• **Your instructions**: Please give back word for word the lines of the material below between the line containing "韩国穿搭必备单品,韩国博主慵懒随性的秋季穿搭范本" and the line containing "NUOVO SPETTACOLO MUSICALE", inclusive.

• **Extracted records**:
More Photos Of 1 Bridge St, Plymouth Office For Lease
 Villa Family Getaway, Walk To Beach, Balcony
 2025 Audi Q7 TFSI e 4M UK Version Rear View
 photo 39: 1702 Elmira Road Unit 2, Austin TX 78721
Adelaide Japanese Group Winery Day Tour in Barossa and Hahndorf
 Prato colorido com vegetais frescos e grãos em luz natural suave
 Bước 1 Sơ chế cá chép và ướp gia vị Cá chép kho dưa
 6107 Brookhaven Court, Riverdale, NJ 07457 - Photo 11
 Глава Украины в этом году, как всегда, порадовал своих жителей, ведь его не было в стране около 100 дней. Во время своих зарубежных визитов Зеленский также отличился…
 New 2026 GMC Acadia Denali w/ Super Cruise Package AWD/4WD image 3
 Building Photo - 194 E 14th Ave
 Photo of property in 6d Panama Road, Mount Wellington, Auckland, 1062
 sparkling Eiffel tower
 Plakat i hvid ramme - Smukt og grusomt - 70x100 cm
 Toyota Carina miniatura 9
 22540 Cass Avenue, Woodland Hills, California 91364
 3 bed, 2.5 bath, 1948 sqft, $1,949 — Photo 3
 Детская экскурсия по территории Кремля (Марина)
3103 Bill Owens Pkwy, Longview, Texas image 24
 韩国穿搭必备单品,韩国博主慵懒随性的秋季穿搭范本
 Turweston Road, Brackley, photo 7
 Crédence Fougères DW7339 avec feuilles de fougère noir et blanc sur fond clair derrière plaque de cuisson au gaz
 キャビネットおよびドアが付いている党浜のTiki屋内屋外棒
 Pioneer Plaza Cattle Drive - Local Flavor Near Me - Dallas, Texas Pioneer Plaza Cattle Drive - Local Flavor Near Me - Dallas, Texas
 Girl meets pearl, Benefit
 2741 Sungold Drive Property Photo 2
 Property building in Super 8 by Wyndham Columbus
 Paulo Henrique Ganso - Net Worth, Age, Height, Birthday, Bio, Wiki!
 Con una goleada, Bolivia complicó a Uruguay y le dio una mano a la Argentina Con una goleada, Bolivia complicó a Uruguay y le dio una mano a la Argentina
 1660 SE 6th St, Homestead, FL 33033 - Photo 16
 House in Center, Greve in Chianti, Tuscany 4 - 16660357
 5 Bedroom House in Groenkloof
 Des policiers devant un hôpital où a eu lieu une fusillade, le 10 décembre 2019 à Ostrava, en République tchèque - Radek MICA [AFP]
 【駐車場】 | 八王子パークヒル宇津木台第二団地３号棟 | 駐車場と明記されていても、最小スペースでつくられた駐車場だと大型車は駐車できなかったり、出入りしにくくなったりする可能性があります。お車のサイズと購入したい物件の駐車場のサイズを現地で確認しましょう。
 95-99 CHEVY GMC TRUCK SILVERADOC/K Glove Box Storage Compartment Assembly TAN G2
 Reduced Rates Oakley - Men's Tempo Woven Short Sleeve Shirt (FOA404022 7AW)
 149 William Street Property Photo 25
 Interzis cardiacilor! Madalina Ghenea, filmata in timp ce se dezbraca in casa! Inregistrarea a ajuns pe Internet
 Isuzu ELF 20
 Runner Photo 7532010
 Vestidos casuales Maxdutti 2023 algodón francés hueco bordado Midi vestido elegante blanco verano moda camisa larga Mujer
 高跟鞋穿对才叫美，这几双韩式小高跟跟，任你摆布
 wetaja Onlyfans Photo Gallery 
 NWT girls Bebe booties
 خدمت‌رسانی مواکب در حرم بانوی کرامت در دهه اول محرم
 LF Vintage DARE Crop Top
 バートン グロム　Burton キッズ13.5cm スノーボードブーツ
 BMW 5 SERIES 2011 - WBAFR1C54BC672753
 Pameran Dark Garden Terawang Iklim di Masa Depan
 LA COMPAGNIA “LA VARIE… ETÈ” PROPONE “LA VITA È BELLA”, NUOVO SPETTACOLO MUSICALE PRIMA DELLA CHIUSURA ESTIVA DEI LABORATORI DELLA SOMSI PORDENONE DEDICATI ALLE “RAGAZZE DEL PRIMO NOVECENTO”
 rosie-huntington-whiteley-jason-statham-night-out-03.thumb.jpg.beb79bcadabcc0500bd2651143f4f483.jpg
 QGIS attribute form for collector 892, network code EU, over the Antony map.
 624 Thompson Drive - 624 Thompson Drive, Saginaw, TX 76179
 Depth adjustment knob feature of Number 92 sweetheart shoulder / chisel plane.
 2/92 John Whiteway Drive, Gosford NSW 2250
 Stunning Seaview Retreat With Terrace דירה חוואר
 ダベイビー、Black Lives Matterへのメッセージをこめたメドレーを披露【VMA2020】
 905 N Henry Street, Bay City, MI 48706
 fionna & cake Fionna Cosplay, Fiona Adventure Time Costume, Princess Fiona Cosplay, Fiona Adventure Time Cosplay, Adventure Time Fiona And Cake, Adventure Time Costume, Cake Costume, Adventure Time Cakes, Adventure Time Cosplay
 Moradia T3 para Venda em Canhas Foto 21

• **Expected output**:
 韩国穿搭必备单品,韩国博主慵懒随性的秋季穿搭范本
 Turweston Road, Brackley, photo 7
 Crédence Fougères DW7339 avec feuilles de fougère noir et blanc sur fond clair derrière plaque de cuisson au gaz
 キャビネットおよびドアが付いている党浜のTiki屋内屋外棒
 Pioneer Plaza Cattle Drive - Local Flavor Near Me - Dallas, Texas Pioneer Plaza Cattle Drive - Local Flavor Near Me - Dallas, Texas
 Girl meets pearl, Benefit
 2741 Sungold Drive Property Photo 2
 Property building in Super 8 by Wyndham Columbus
 Paulo Henrique Ganso - Net Worth, Age, Height, Birthday, Bio, Wiki!
 Con una goleada, Bolivia complicó a Uruguay y le dio una mano a la Argentina Con una goleada, Bolivia complicó a Uruguay y le dio una mano a la Argentina
 1660 SE 6th St, Homestead, FL 33033 - Photo 16
 House in Center, Greve in Chianti, Tuscany 4 - 16660357
 5 Bedroom House in Groenkloof
 Des policiers devant un hôpital où a eu lieu une fusillade, le 10 décembre 2019 à Ostrava, en République tchèque - Radek MICA [AFP]
 【駐車場】 | 八王子パークヒル宇津木台第二団地３号棟 | 駐車場と明記されていても、最小スペースでつくられた駐車場だと大型車は駐車できなかったり、出入りしにくくなったりする可能性があります。お車のサイズと購入したい物件の駐車場のサイズを現地で確認しましょう。
 95-99 CHEVY GMC TRUCK SILVERADOC/K Glove Box Storage Compartment Assembly TAN G2
 Reduced Rates Oakley - Men's Tempo Woven Short Sleeve Shirt (FOA404022 7AW)
 149 William Street Property Photo 25
 Interzis cardiacilor! Madalina Ghenea, filmata in timp ce se dezbraca in casa! Inregistrarea a ajuns pe Internet
 Isuzu ELF 20
 Runner Photo 7532010
 Vestidos casuales Maxdutti 2023 algodón francés hueco bordado Midi vestido elegante blanco verano moda camisa larga Mujer
 高跟鞋穿对才叫美，这几双韩式小高跟跟，任你摆布
 wetaja Onlyfans Photo Gallery 
 NWT girls Bebe booties
 خدمت‌رسانی مواکب در حرم بانوی کرامت در دهه اول محرم
 LF Vintage DARE Crop Top
 バートン グロム　Burton キッズ13.5cm スノーボードブーツ
 BMW 5 SERIES 2011 - WBAFR1C54BC672753
 Pameran Dark Garden Terawang Iklim di Masa Depan
 LA COMPAGNIA “LA VARIE… ETÈ” PROPONE “LA VITA È BELLA”, NUOVO SPETTACOLO MUSICALE PRIMA DELLA CHIUSURA ESTIVA DEI LABORATORI DELLA SOMSI PORDENONE DEDICATI ALLE “RAGAZZE DEL PRIMO NOVECENTO”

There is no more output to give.